Bowersox (a playwright, screenwriter, author, actor, and director) founded TheatreXP in the Florida Keys 12 years ago along with his wife, theater artist and administrator Melody G. Moore. The pair wanted to produce more “cutting-edge” theater than was already on offer from other companies in their region. In 2020, they transplanted the company when they moved to Philadelphia.
Beyond the founder’s spotlight
According to his bio, Bowersox also co-founded the company in order to produce his own works, and with seven pieces on the Fresh Ink Shorts roster under his byline, this Fringe entry bears that out, with mixed success.
Some titles are fleet and mildly funny, like E-Harmonics, in which two jaded academics contemplate a hook-up. Some draw out one gag longer than even a five-minute play can support. (Sex-gadget shops, amirite???) Another has a love-triangle premise that is so inane, I was still mad about it the next day.
No Coincidence, a short by Stephen Olsen, feels cribbed from the 2001 rom-com Serendipity, except the woman in question really is hoping the fates will protect her from having to say yes—not that the universe will let that happen (my hot tip would be never to go out with anyone who uses their lost dog as an excuse to hit on you).
Neal Ruchman’s Oh, It’s You is a bittersweet little delight, proving both whimsical and sad, fanciful and recognizable, in the space of a few minutes.

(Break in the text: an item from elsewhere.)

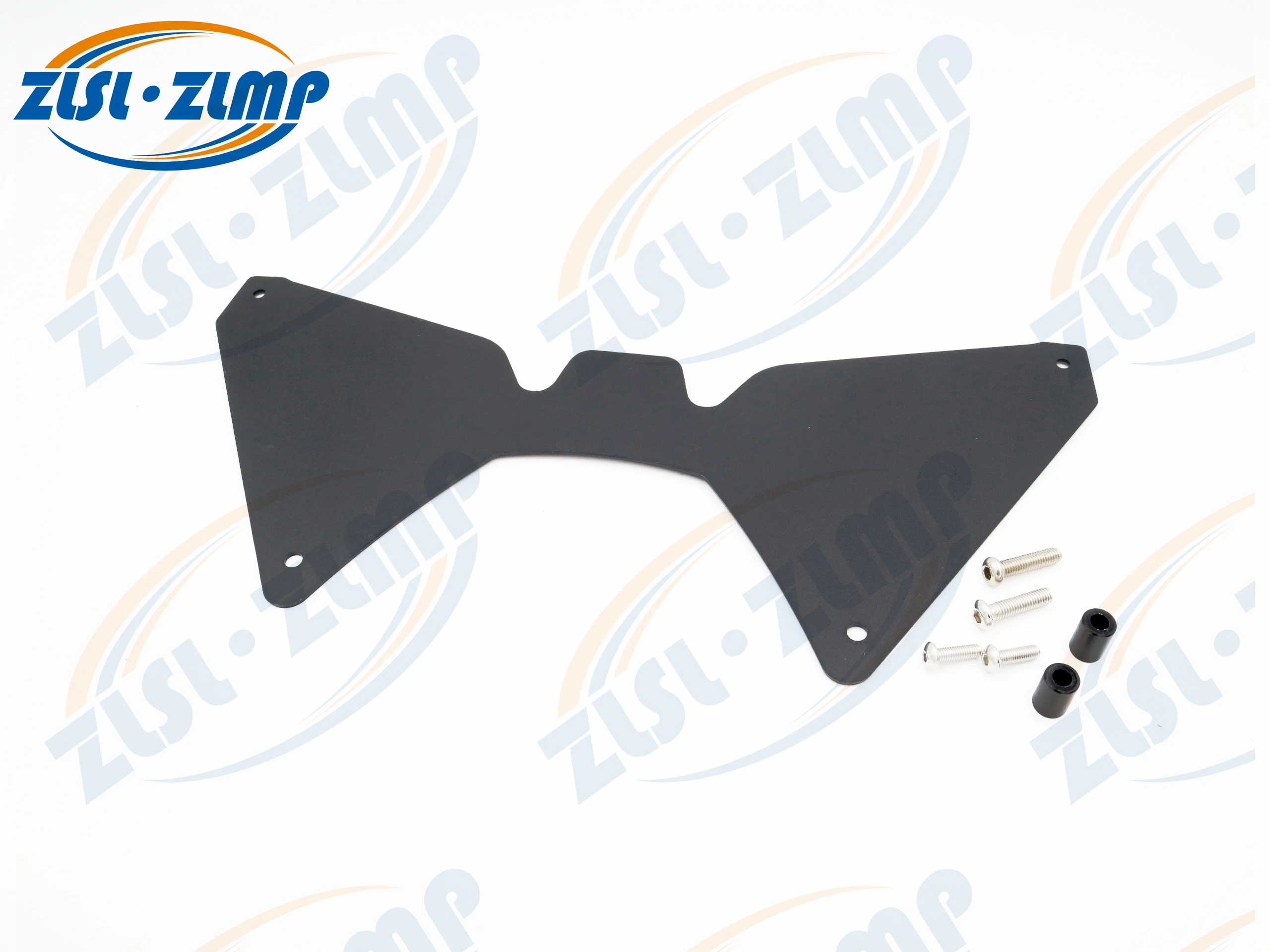 

Wind Deflector for 2018 - 2019 Honda CRF1000L Africa Twin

A second short by Olsen, Another View, anchored with poignant, gently funny performances by ensemble members Kathryn Wylde and Laura Kate Marshall, stands out for its engaging, well-characterized story and satisfying finish.

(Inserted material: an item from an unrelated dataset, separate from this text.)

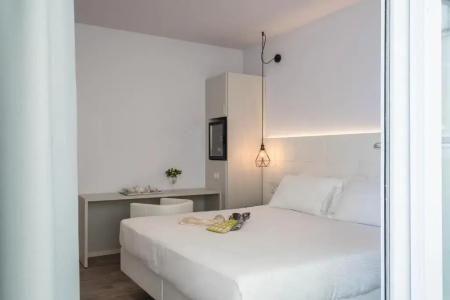 Elite - 37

Quality ensemble and staging
The uneven quality of the plays ends up emphasizing the solid ensemble work. Jordan Hunter-Fidalgo in particular brings a graceful realism to each of her scenes, and Marshall brings the widest range to a variety of roles. Craig Storrod, with his mobile, evocative expressions, shines in Moore’s One Saturday Night, a visit to a north woods bar that otherwise manages to be both inscrutable and banal. (The recent Philadelphia Metro issue featuring this production on the cover was self-consciously inserted into the stage business in this performance, which distracted from the setting.)
Bowersox and Moore team up to direct their focused and committed cast with a sure hand, achieving nimble transitions between the plays, which are realized with successfully minimal props, set, and costume touches.
Fresh Ink Shorts sums up a lot of what appeals about the best Fringe tickets: new work, an ambitious format, and professional artists in an intimate setting at an accessible price (pay-what-you-can in advance or at the door). Being a forum for the founders’ work isn’t exactly a ground-breaking mission for a theater company, but if TheatreXP can lend its skills to a wider range of voices in the future (out of 11 Fresh Ink plays, Moore’s is the only one written by a woman), I’ll keep this Philly arrival on the radar.
What, When, Where
Fresh Ink Shorts. By R. T. Bowersox, Melody G. Moore, Stephen Olsen, and Neal Ruchman; directed by Bowersox and Moore. Pay-what-you-can. Through September 18, 2022, at the Skinner Studio at Plays & Players Theatre, 1714 Delancey Place, Philadelphia. (215) 413-1318 or fringearts.com.
The show advertises a mask requirement, but it is not enforced.
The Skinner Studio is a third-floor venue accessible only by several flights of stairs.